All of that being said, I did end up enjoying some of the show. When you remove yourself from the technical aspects, and just watch the action, it’s a damn awesome action show, never skimping on the flashy robot fights. But like Michael Bay’s Transformers, it lacks soul, preferring to twist and turn around explosions and cheap intrigue, ignoring the characters with the most potential, for the bottom-of-the-bucket nobodies who exist just to move the story along. There is never any genuine feel to the show, and this is the problem I have with short-order series. They run for a half-season, episode-wise, and announce their second season at the end. Are they just not confident in knowing there will be a second season until halfway through? Or do they just deliberately pull this shit so as to create SUSPENSE for 3-4 months while we wait to see what happened to our emotionless hero and his princess?

It’s like anime has fallen to the restaurant equivalent standard of Denny’s. You don’t get bad food, but you get cheap food that gets you by, and the company you keep at 2AM are the nerds who came with you to watch Matrix Revolutions and insist on spending the next three hours over coffee discussing what you liked and didn’t like about the movie.

You know, before social media and blogs.

Title: Aldnoah Zero
Sub Group I Watched: Vivid-Watashi
Episodes: 12
Rating (1-10): 7

The only love story worth giving a shit about.
The only love story worth giving a shit about.
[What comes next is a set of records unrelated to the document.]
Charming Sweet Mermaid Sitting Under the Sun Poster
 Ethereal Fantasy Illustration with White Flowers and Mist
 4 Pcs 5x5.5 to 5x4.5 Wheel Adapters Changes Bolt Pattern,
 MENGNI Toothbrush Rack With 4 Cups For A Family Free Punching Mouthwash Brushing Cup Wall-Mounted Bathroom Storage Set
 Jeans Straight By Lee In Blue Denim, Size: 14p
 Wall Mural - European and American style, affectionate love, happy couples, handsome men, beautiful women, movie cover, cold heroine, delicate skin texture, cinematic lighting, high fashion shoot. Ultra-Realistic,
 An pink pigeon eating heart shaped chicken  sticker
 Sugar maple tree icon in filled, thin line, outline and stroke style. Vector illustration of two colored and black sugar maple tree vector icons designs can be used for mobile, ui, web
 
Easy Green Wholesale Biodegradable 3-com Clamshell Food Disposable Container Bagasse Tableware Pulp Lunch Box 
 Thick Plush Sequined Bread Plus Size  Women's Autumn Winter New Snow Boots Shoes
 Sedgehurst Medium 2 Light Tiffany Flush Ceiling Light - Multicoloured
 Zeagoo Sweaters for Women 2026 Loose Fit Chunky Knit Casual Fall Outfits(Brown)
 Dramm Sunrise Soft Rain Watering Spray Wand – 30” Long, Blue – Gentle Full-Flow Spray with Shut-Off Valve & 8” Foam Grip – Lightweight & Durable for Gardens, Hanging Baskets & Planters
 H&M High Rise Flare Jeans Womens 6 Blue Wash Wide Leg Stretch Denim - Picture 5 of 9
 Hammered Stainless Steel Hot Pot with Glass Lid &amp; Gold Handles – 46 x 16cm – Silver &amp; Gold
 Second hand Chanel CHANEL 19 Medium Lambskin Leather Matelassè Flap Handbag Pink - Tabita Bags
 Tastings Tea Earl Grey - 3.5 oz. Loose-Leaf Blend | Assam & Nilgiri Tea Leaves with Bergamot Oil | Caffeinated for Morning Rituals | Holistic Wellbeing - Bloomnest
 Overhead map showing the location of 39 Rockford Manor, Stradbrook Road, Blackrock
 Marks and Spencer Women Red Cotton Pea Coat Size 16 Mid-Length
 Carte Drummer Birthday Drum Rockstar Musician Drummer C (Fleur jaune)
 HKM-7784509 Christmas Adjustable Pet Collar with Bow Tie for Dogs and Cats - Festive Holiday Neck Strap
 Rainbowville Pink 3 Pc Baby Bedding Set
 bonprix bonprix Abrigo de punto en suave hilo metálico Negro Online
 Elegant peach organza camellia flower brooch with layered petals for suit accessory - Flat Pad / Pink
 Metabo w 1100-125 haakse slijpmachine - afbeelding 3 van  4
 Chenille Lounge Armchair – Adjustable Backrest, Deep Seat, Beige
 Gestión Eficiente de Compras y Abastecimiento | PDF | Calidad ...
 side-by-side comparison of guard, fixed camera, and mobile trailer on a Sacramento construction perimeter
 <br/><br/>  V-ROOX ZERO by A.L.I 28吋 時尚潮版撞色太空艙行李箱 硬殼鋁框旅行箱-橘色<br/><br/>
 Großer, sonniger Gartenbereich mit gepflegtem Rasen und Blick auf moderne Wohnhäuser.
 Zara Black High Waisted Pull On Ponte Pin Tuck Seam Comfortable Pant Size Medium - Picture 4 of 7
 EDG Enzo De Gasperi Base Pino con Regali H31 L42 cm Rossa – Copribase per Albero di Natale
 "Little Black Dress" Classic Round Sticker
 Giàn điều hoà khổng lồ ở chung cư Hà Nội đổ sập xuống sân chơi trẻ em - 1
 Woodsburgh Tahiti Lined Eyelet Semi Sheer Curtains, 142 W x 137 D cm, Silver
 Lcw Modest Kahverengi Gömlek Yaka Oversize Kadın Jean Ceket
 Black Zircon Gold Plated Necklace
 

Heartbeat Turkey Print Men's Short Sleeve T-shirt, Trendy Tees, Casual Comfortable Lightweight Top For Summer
Rail Wars also finished this week, but I will reserve it for a mass-post this week. It also failed to deliver, but wasn’t worth enough words for its own post.

5 Comments

  1. I do agree, at almost no point in the series did I really care about the characters and the ones I liked were pushed aside.
    I am still waiting for an explanation to why the MC is so fucking competent in every regard.
    Is it because he is a robot? Because to me he looks like a really well made robot.
    Piloting a mecha? check
    Reverse engineering the enemy mecha’s weak points? check
    CPR? check
    Disarming a half naked chick like a ninja? check
    Showing emotion? nope
    Respect for human life? “I didn’t do this to rescue you personally” fail
    Caring for the extinction of terran life? “This is war” welp

    1. Inaho was too Gary Stu for me. At least with characters who became Gary Stus, like Kira Yamato, they had to learn some shit the hard way. I found all of the battles to be comically like a video game. HIT THE WEAK POINT TO DO MASSIVE DAMAGE.

      Every time.

      1. He also has a good amount of plot armor.
        Did you see how Saazbaum only attacked Inaho with vertical hits when he used the lasersword?
        Inaho just had to sidestep and avoided every single attack. But the second the earth reinforcements arrived he did two horizontal attacks wiping all of them out in one go.
        There’s no chance that Inaho could have dodged one of those.

        That may sound very nitpicky now, but incidents like these are the only reason why he didn’t explode violently in the first 10 seconds of battle like all the redshirts.